*What is needed*: Please give the entries below again exactly, omitting every picture.

*Extracted records*:
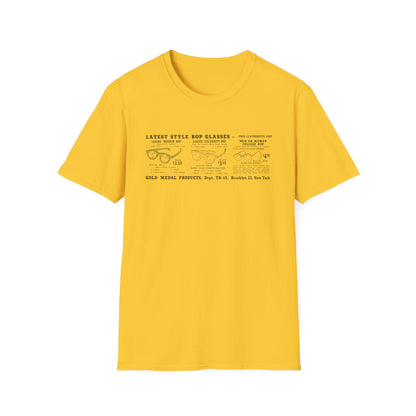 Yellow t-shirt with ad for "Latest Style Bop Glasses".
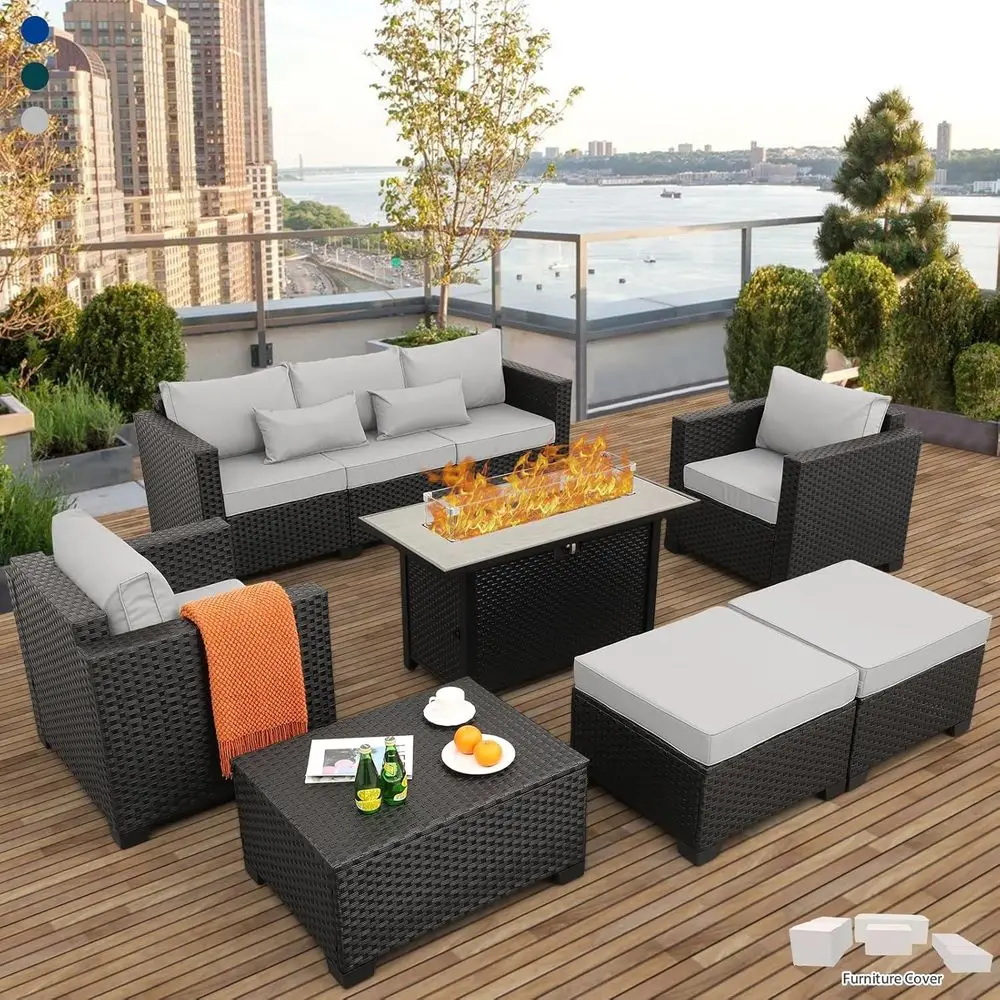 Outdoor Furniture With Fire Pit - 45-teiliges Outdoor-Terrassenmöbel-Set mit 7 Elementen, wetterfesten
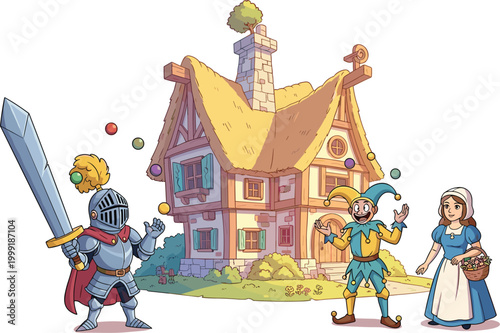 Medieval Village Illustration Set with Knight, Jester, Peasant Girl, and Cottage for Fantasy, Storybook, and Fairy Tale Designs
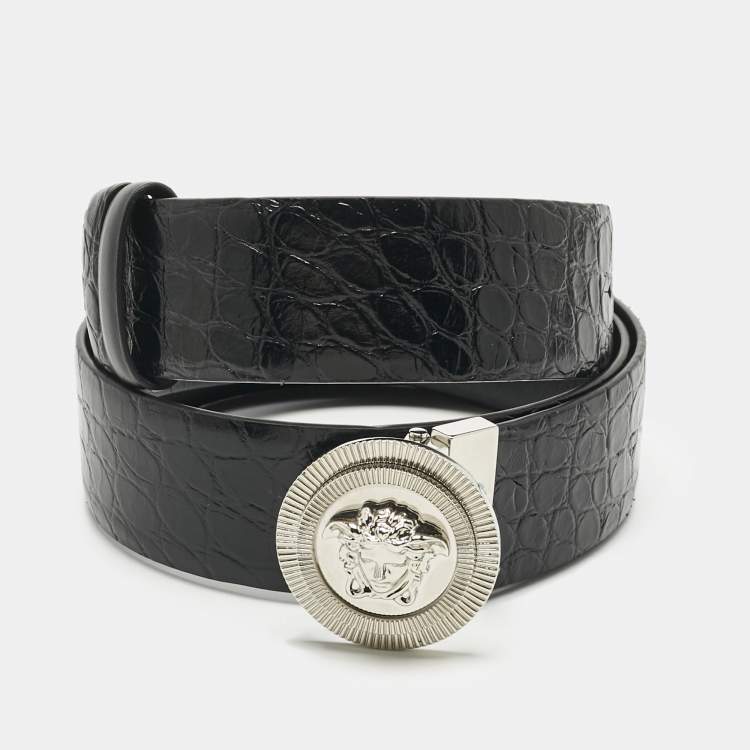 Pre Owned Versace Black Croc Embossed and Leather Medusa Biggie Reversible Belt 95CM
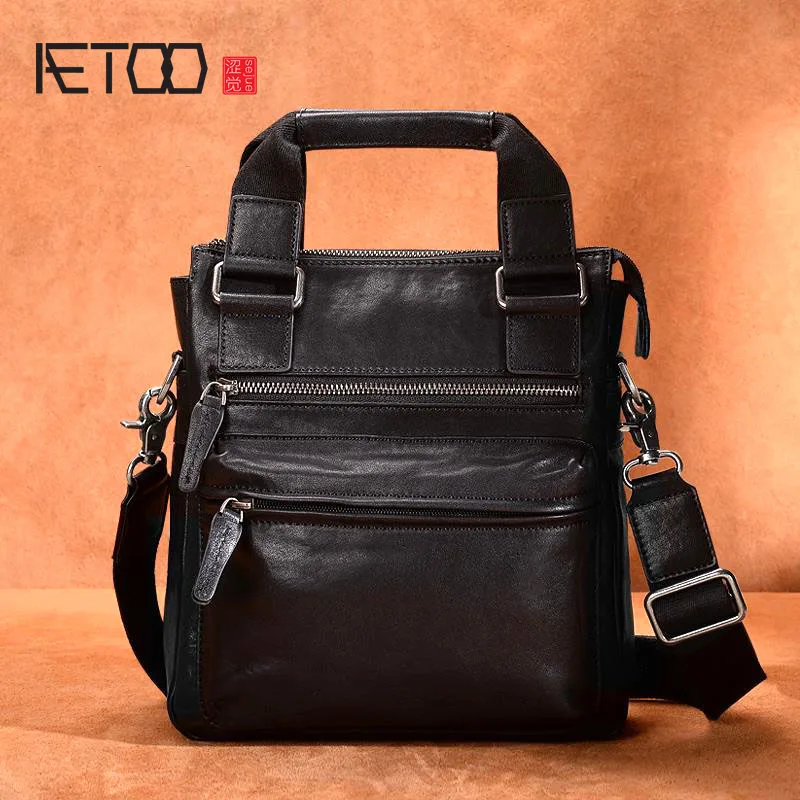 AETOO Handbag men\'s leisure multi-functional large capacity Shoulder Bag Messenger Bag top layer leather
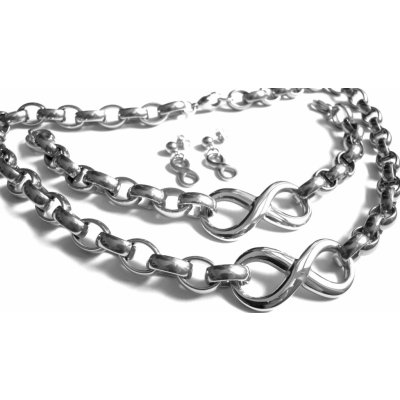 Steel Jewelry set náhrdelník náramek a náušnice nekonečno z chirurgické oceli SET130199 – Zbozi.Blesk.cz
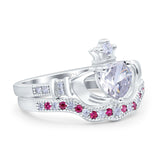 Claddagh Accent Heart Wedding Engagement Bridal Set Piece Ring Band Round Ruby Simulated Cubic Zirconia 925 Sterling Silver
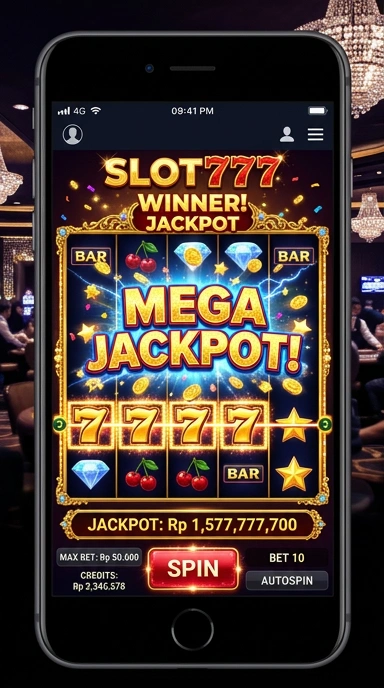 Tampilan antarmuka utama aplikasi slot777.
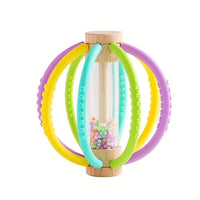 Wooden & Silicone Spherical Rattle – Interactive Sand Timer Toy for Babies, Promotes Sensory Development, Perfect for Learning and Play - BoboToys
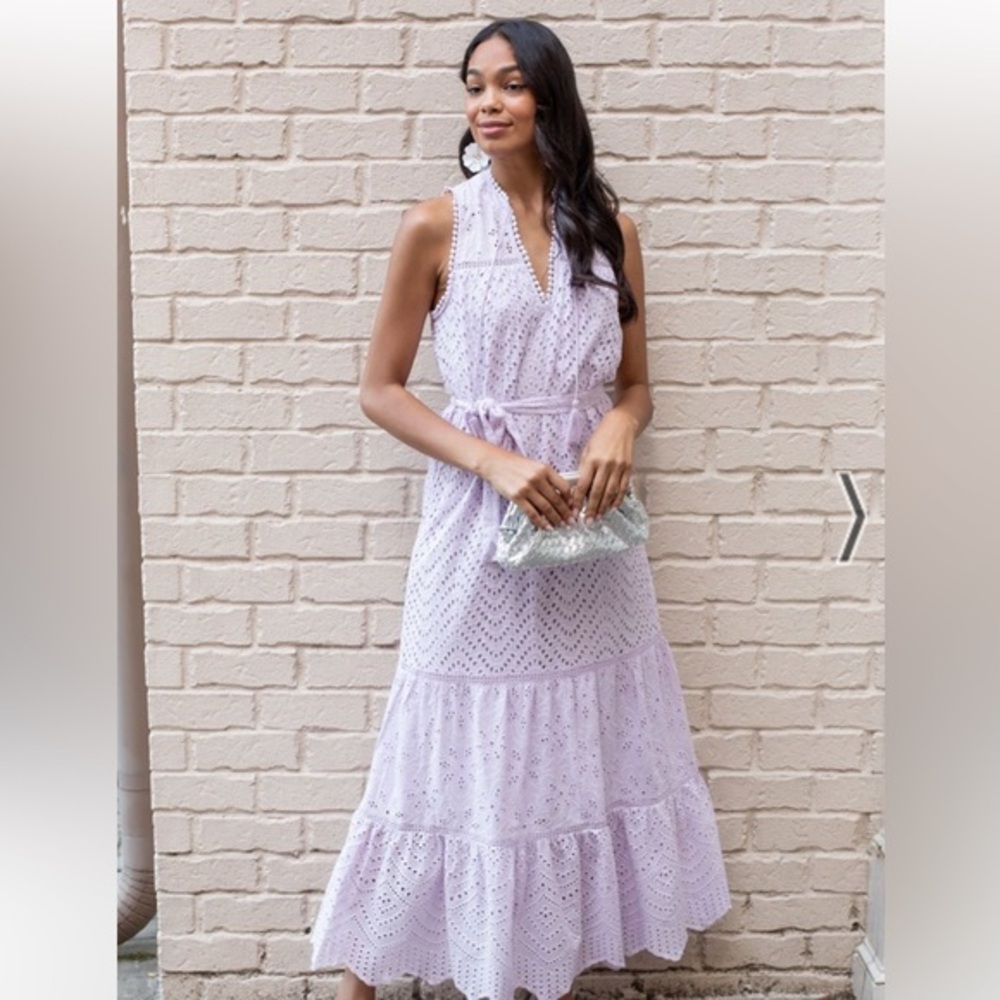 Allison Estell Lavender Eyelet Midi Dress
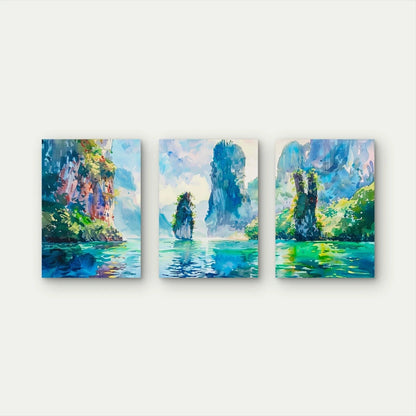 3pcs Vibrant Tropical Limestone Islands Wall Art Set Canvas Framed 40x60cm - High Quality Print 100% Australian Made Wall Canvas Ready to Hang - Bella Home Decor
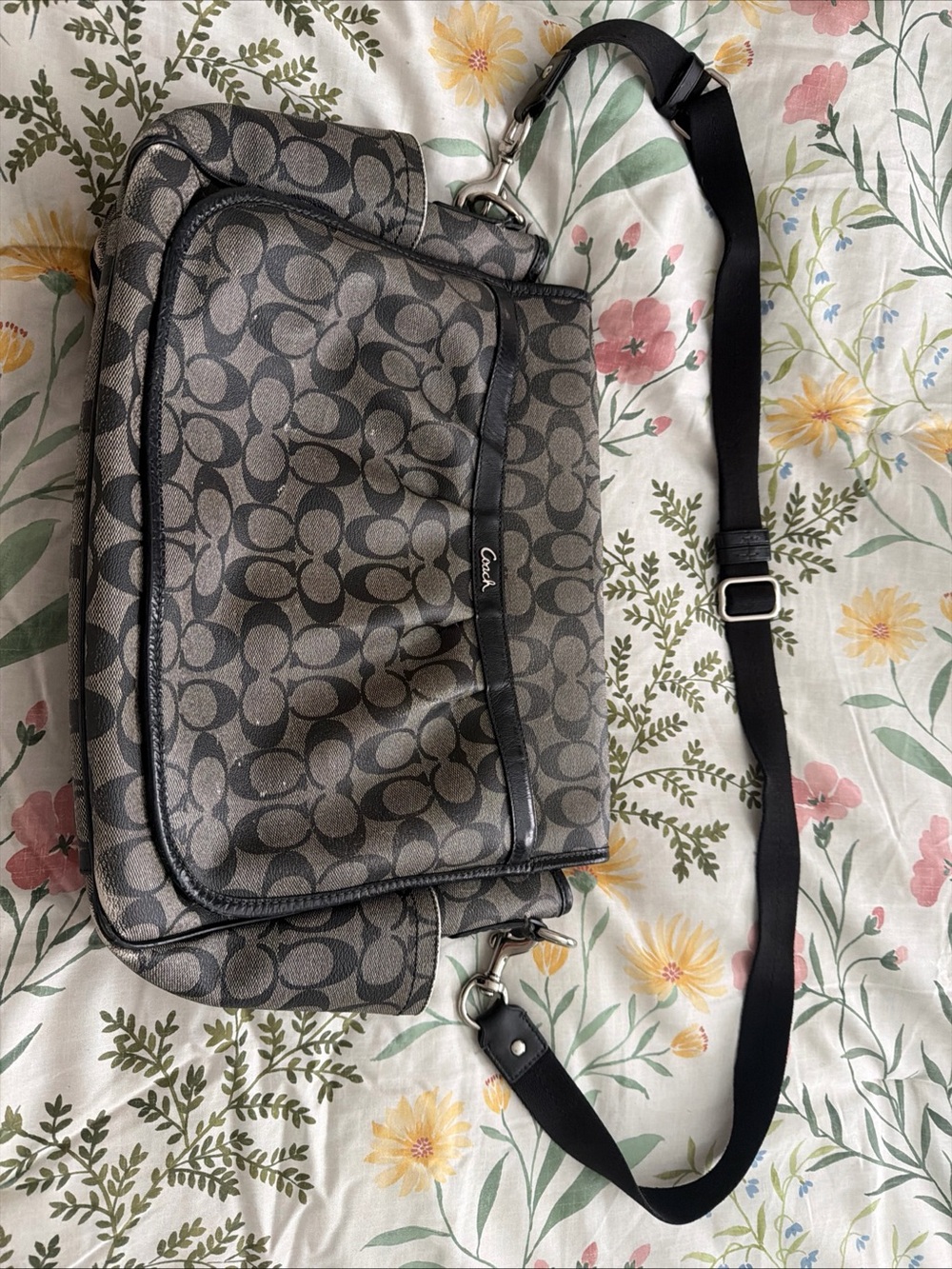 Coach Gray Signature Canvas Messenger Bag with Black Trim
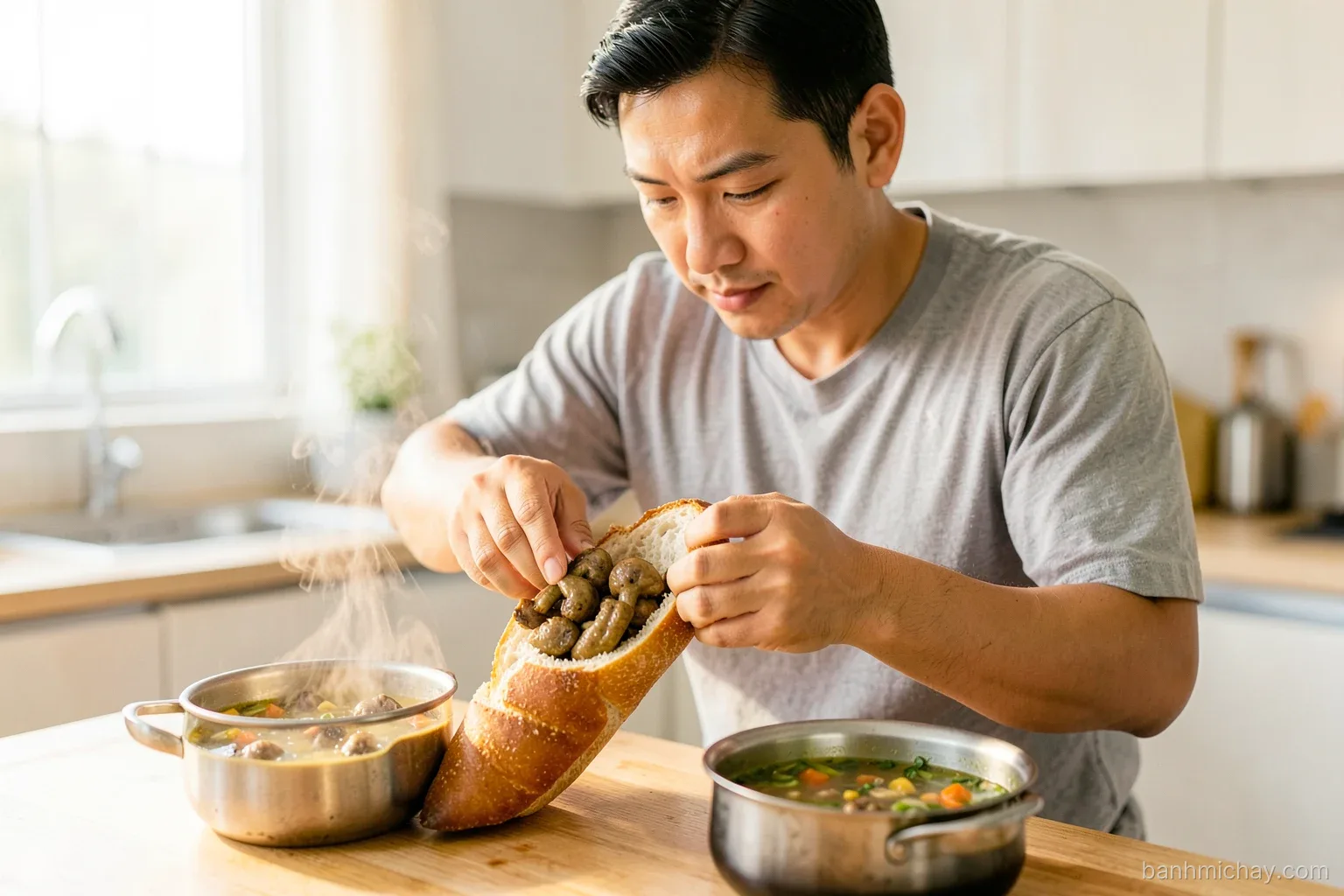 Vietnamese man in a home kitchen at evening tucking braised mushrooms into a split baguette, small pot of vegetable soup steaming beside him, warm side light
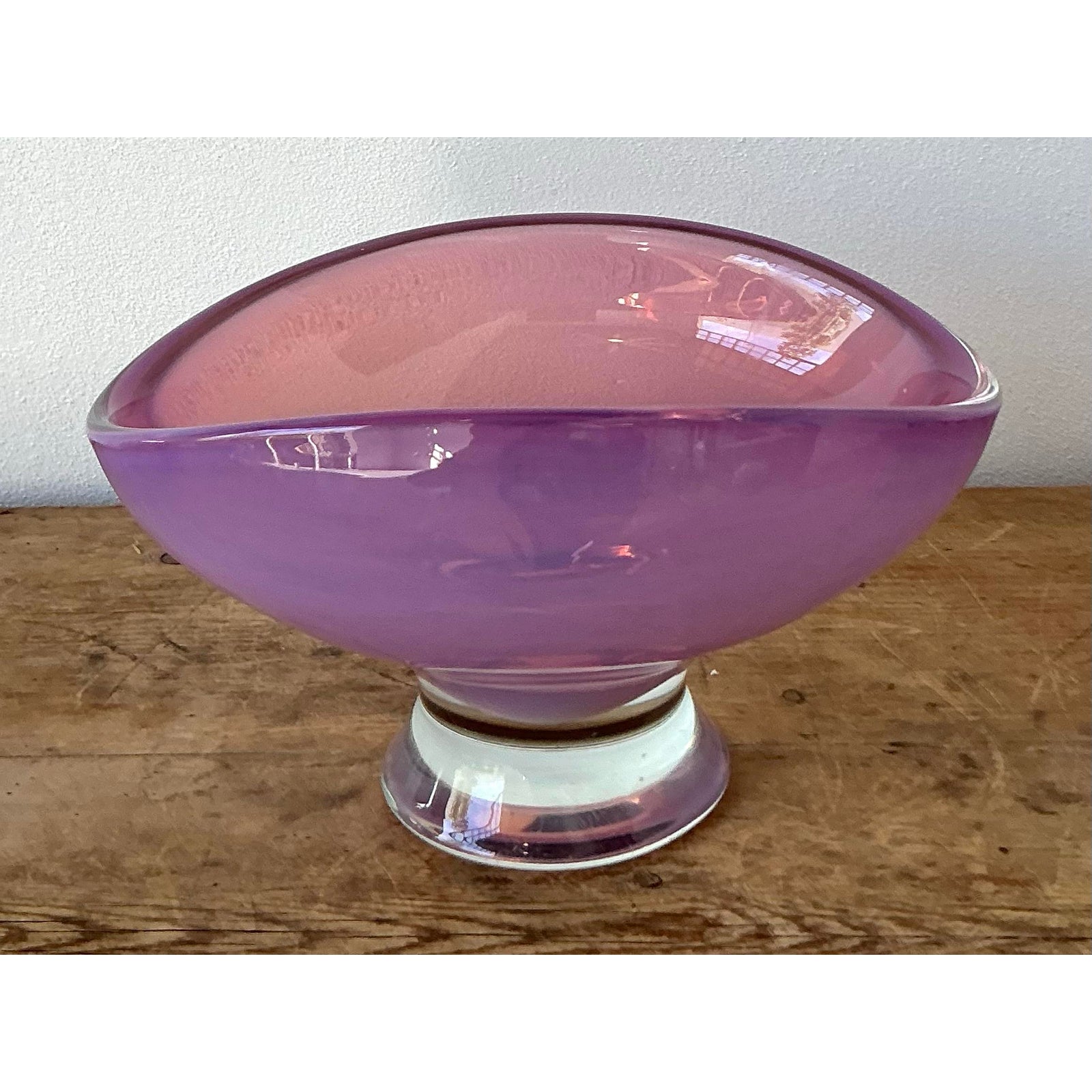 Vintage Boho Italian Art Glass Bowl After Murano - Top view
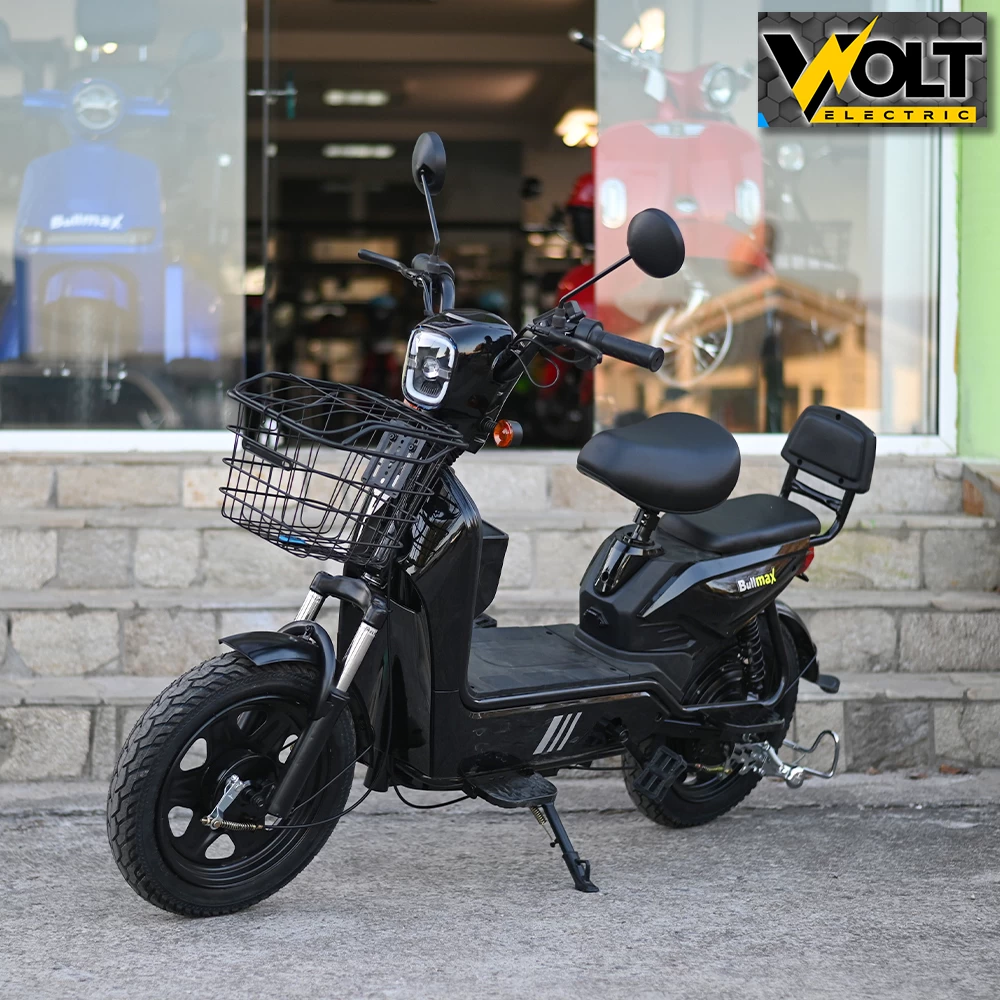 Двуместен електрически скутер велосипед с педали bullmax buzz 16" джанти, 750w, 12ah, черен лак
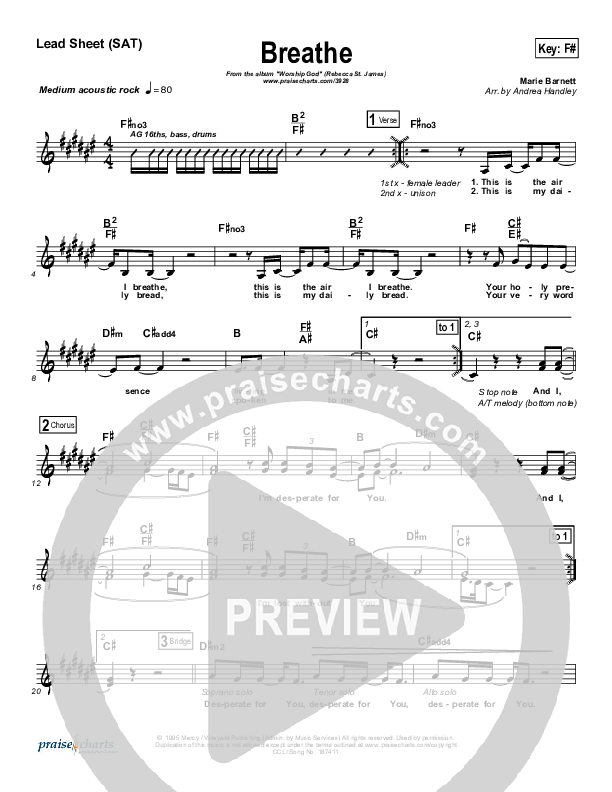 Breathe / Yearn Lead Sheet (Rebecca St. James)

*Written response*:
 Yellow t-shirt with ad for "Latest Style Bop Glasses".
 Outdoor Furniture With Fire Pit - 45-teiliges Outdoor-Terrassenmöbel-Set mit 7 Elementen, wetterfesten
 Medieval Village Illustration Set with Knight, Jester, Peasant Girl, and Cottage for Fantasy, Storybook, and Fairy Tale Designs
 Pre Owned Versace Black Croc Embossed and Leather Medusa Biggie Reversible Belt 95CM
 AETOO Handbag men\'s leisure multi-functional large capacity Shoulder Bag Messenger Bag top layer leather
 Steel Jewelry set náhrdelník náramek a náušnice nekonečno z chirurgické oceli SET130199 – Zbozi.Blesk.cz
 Claddagh Accent Heart Wedding Engagement Bridal Set Piece Ring Band Round Ruby Simulated Cubic Zirconia 925 Sterling Silver
 Tampilan antarmuka utama aplikasi slot777.
 Wooden & Silicone Spherical Rattle – Interactive Sand Timer Toy for Babies, Promotes Sensory Development, Perfect for Learning and Play - BoboToys
 Allison Estell Lavender Eyelet Midi Dress
 3pcs Vibrant Tropical Limestone Islands Wall Art Set Canvas Framed 40x60cm - High Quality Print 100% Australian Made Wall Canvas Ready to Hang - Bella Home Decor
 Coach Gray Signature Canvas Messenger Bag with Black Trim
 Vietnamese man in a home kitchen at evening tucking braised mushrooms into a split baguette, small pot of vegetable soup steaming beside him, warm side light
 Vintage Boho Italian Art Glass Bowl After Murano - Top view
 Двуместен електрически скутер велосипед с педали bullmax buzz 16" джанти, 750w, 12ah, черен лак
 Breathe / Yearn Lead Sheet (Rebecca St. James)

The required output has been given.